■ **Work instruction**: Give the listing below again exactly, but without any of its pictures.

■ **Available data**:
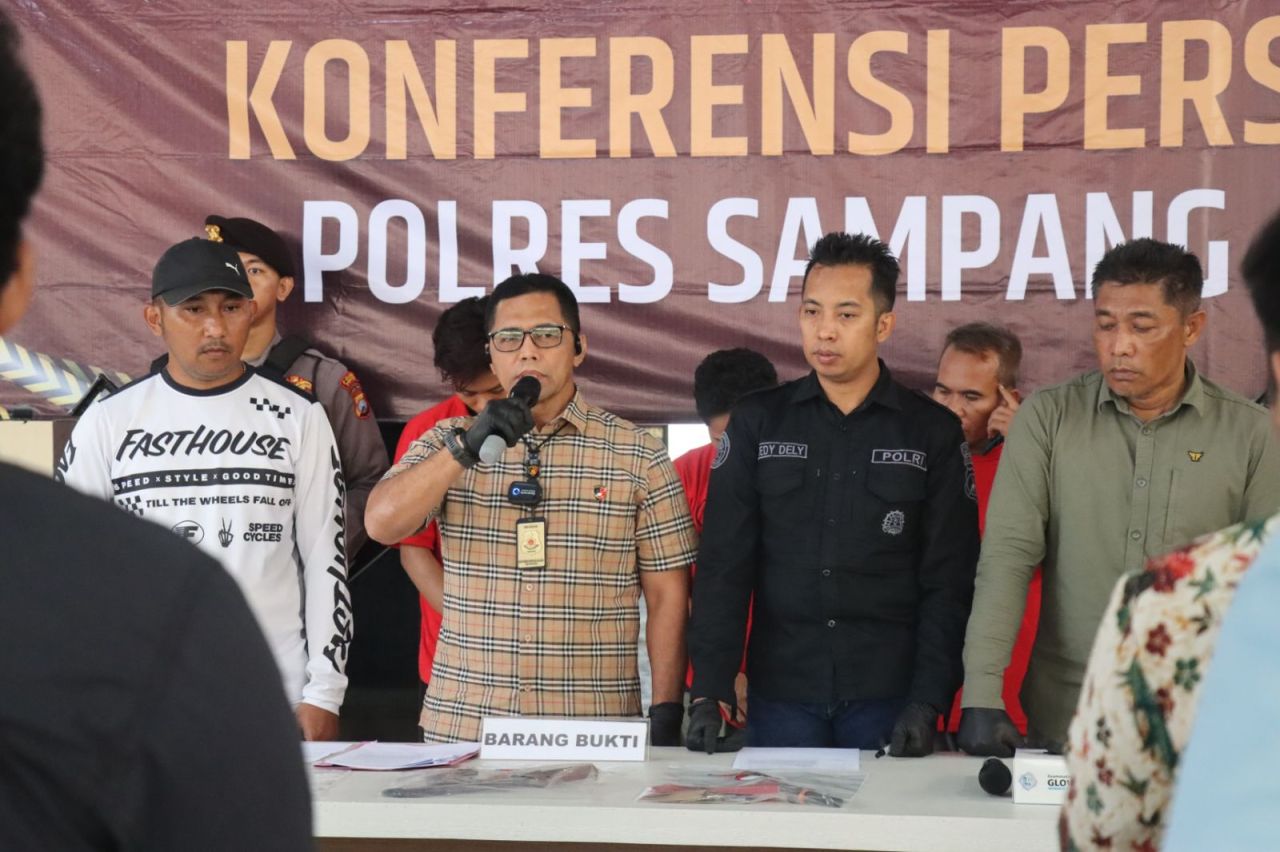 Polisi tangkap tersangka Curanmor beserta barang buktinya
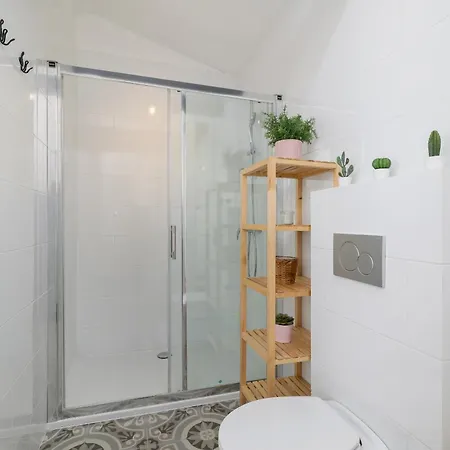 With 2 Bedrooms And Desks In The Center Of Cracow By Renters *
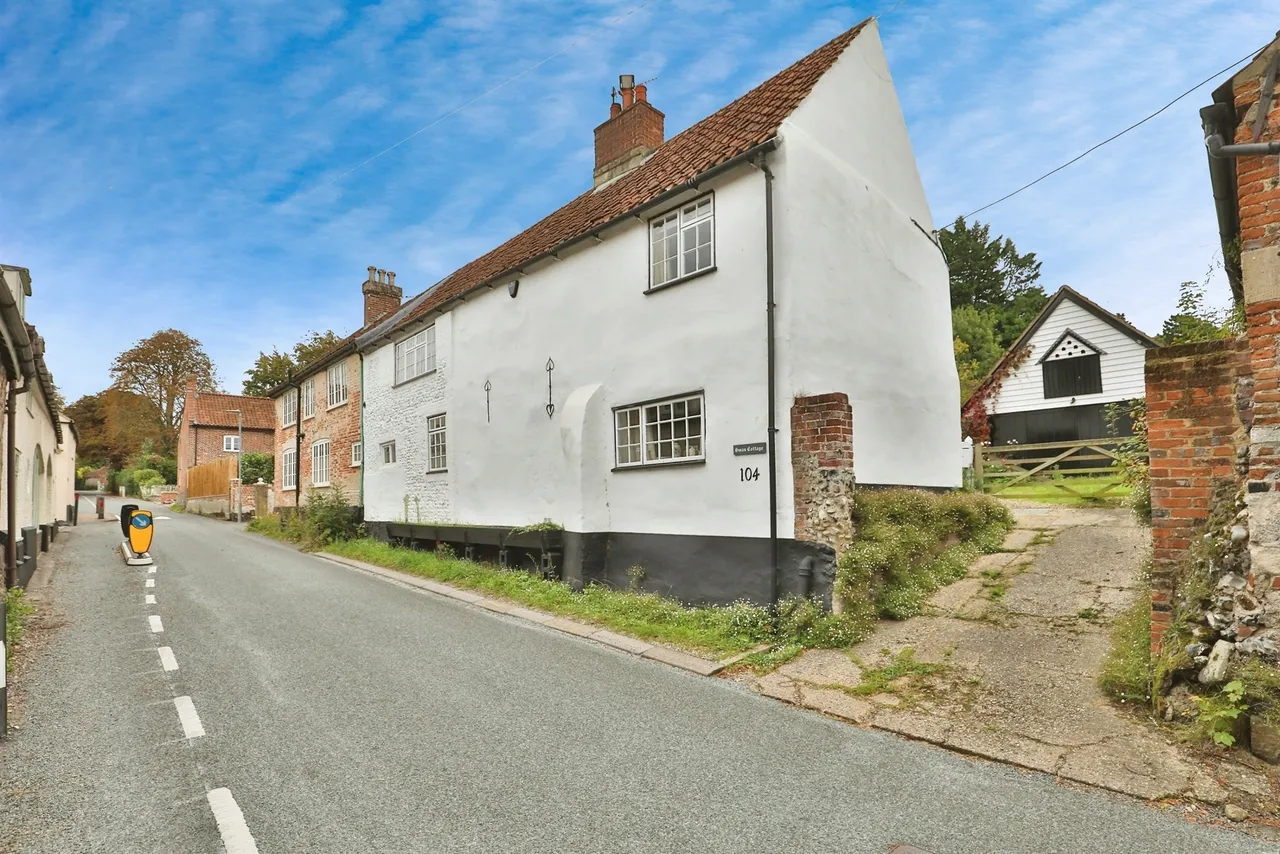 4 bed house for sale — The Street, Costessey, Norwich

■ **Reply**:
 Polisi tangkap tersangka Curanmor beserta barang buktinya
 With 2 Bedrooms And Desks In The Center Of Cracow By Renters *
 4 bed house for sale — The Street, Costessey, Norwich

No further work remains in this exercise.